The statement that appears on the NUJ site warning about the Demotix ‘press pass’ is unfortunately a very poor piece of journalism, getting too many of the facts wrong, particularly in the headlines. Demotix isn’t “selling” its ‘press passes’ and it isn’t an “amateur journalists’ website”. As Demotix CEO Turi Munthe stated to Journalism.co.uk,”The vast majority of Demotix’ regular contributors are pro or semi-pro photojournalists around the world, whose work has appeared in every major news outlet in the UK.”

It’s important also to remember that although the NUJ piece treats it as if it was entirely a UK matter, Demotix has photographers around the world in 190 countries sending it stories, including some that have no proper press card scheme.

I haven’t got a Demotix card but if I didn’t have a UK Press Card I would apply to Demotix for one. Before the UK Scheme I worked using cards provided by several bodies both from the UK and one USA company, all of which had my name and photograph, the name of the organisation I was working for, an expiry date and a contact phone number that could be used to check up on me. I cam see no problem with any organisation issuing members with such an identity card so long as they control it properly. It does really simply show that the person holding it is working gathering news for Demotix.

Although the Demotix card has been stated to look rather like the UK Press card, it would be hard for anyone familiar with that to be misled. What perhaps makes it contentious is the large black text PRESS on a yellow background similar to that on a UK Press card, but at around twice the size.

I’ve not checked recently, but it used to be possible for those who met the Demotix criterion of ‘ten published stories’ on the site to download a free PDF to make into their Demotix card, although there were many requests for Demotix to have them produced professionally and made available at low cost to those who qualify, and that seems now to have been done. This isn’t “selling” them any more than the annual fee I used to pay for my UK Press card from the PPA was.

I’d like Demotix to have greater quality control generally; stories are currently vetted by editors at least until photographers establish themselves as reliable, and most contributions do reach a reasonable standard. Perhaps 10 published stories is setting the bar a little too low, and they should consider only issuing them to photographers who have published at least this number and had at least one making the ‘front page.’

But I’m not entirely happy with the UK Press Card scheme either, and not just because some people who never emerge from an office get one.
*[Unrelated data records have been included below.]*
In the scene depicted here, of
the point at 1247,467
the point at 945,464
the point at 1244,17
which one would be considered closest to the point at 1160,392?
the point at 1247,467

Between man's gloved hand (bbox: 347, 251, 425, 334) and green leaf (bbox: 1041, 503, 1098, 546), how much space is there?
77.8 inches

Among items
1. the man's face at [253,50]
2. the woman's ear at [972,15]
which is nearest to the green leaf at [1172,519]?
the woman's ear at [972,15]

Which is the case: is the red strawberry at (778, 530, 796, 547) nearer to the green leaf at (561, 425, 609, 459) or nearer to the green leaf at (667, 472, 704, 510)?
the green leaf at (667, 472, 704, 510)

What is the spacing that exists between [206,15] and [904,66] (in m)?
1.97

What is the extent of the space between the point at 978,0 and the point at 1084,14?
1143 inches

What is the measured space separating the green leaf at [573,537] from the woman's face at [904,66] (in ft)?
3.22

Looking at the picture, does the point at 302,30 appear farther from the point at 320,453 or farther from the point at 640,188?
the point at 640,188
Although at the moment we seem – thanks to a lot of work by the NUJ in particular – to be getting the police who backed it in the first place to recognise it, there are still far too many other places where it isn’t recognised, with people – often I think thorough ignorance of the scheme – demanding their own accreditation. If the scheme were more generally known and accepted and the card recognised there would be considerably less danger of people being confused by a company card such as the Demotix example.

But underlying all of this dispute is the fact that the UK Press Card scheme is based on the status quo of 1992 in an industry that has changed considerably in those 18 years.  The scheme and the NUJ too has failed in some respects to keep up with this changing nature and in particular the huge change from staff to freelance work. Many freelances have to combine various skills – and not all necessarily in journalism – to earn a living. The union should be much more actively promoting professionalism in journalistic work not just in the traditional media but also in blogging and various other on-line manifestations of the new journalism which include companies like Demotix.

We perhaps too need to concentrate more on audience than on earnings when assessing who should qualify for a press pass. Last October my page views for all my web sites for the month were over 250,000 for the first time and are now consistently around that level, and this site reached the 100,000 mark in June and is still increasing. Thanks to all of you for reading this  but this site currently makes me no income. To me it’s still journalism, just the same as when I was writing and photographing and getting paid for it (and fortunately elsewhere this just occasionally still happens.)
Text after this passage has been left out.